**Work item:** Without the pictures, give the listing below again exactly.

**Collected data:**
Segment Open

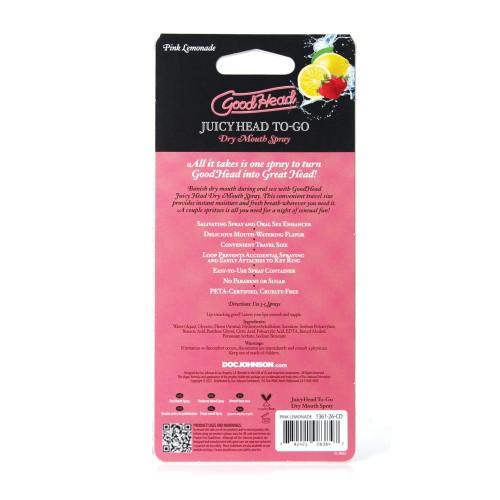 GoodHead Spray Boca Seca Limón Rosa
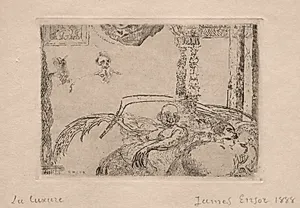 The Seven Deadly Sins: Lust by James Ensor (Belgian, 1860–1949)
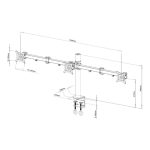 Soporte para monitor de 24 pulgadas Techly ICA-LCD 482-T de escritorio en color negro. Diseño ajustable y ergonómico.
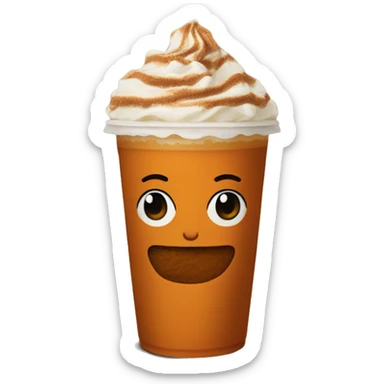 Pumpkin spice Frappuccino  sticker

Segment Closed

**Answer to this task:**
 GoodHead Spray Boca Seca Limón Rosa
 The Seven Deadly Sins: Lust by James Ensor (Belgian, 1860–1949)
 Soporte para monitor de 24 pulgadas Techly ICA-LCD 482-T de escritorio en color negro. Diseño ajustable y ergonómico.
 Pumpkin spice Frappuccino  sticker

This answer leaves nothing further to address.